The World Wide Web distribution of James Gibson’s “Purple Perils” is for scholarly use with the understanding that Gibson did not intend them for publication. References to these essays must cite them explicitly as unpublished manuscripts. Copies may be circulated if this statement is included on each copy.

The Innsbruck experiments seem to prove what Stratton many years ago was looking for but failed to demonstrate conclusively. Kohler has shown that a persistent abnormality of optical stimulation leads in the end to a reduction of the phenomenal abnormality of the world, and that a return to normal optical stimulation then yields a new phenomenal abnormality of the world of exactly the opposite kind. Kohler has disturbed, or distorted, or biased the optical stimulation not merely on one but in several different ways. He has produced abnormalities of color and of reversed direction; both right-left and up-down, and, what is even more interesting, abnormalities of curvature and density and proportion. The habituation that results is not simply a matter of appropriate behavior, of manipulation, and locomotion; the actual appearance of the world changes in the course of time, and then it changes all over again in the opposite direction when the optical device is removed from in front of the eyes.

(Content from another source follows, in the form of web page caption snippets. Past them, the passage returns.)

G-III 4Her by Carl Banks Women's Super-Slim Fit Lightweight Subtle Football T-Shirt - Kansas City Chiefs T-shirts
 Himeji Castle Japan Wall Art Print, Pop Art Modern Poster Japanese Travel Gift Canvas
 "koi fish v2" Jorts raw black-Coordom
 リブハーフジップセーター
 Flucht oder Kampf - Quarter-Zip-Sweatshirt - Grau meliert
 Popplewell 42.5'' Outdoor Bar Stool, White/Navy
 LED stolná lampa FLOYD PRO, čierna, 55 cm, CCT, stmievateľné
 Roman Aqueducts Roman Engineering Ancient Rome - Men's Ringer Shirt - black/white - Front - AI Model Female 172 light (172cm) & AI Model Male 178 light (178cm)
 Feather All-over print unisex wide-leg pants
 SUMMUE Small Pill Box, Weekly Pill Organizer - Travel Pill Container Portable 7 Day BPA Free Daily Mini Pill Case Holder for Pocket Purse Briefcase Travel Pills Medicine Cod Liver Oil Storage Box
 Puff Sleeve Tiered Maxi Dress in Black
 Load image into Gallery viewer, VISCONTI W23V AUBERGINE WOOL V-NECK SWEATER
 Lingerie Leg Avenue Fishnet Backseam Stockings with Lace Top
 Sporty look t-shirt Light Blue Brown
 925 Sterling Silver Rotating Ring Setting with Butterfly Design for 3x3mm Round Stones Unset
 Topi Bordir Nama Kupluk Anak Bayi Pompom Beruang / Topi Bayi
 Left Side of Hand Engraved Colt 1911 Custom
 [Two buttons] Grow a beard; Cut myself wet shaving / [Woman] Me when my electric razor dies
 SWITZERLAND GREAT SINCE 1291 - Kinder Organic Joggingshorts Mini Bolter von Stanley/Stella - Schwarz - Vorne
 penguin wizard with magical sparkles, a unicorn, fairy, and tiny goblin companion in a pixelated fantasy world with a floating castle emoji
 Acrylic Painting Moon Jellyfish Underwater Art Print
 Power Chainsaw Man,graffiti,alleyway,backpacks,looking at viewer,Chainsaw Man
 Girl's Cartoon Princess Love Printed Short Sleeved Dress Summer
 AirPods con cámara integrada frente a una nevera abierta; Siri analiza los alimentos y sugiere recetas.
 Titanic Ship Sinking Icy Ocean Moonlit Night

These results strongly suggest that our perception of the surrounding world is modifiable. Perception is subject to habituation. It might follow that the environment looks stable and rigid, rectilinear and proper, only because we have made some sort of adjustment to it. The assumption that we somehow learn to perceive the spatial order of things is made even more plausible by such evidence. The notion that perceptions spring into existence full blown by way of native intuition is rendered less plausible than ever.

It seems to me however that the results also support another assumption that our perception of the surrounding world is an exact function of stimulation. It is a bias or skew in the optical stimulation over the course of time that brings about a change in perception, and the change is a shift in the correspondence between stimulation and experience, not a disruption of the correspondence. The proof is the fact that when stimulation returns to normal perception becomes abnormal in precisely the way demanded by the kind of change that occurred. Habituation in perception carries with it the necessity of rehabituation. If the appearance if the visual world is said to depend on learning, it must equally be said to depend upon present stimulation in the sense that, at any given stage of learning, the qualities of the world are parallel to certain variables of the optical stimulus.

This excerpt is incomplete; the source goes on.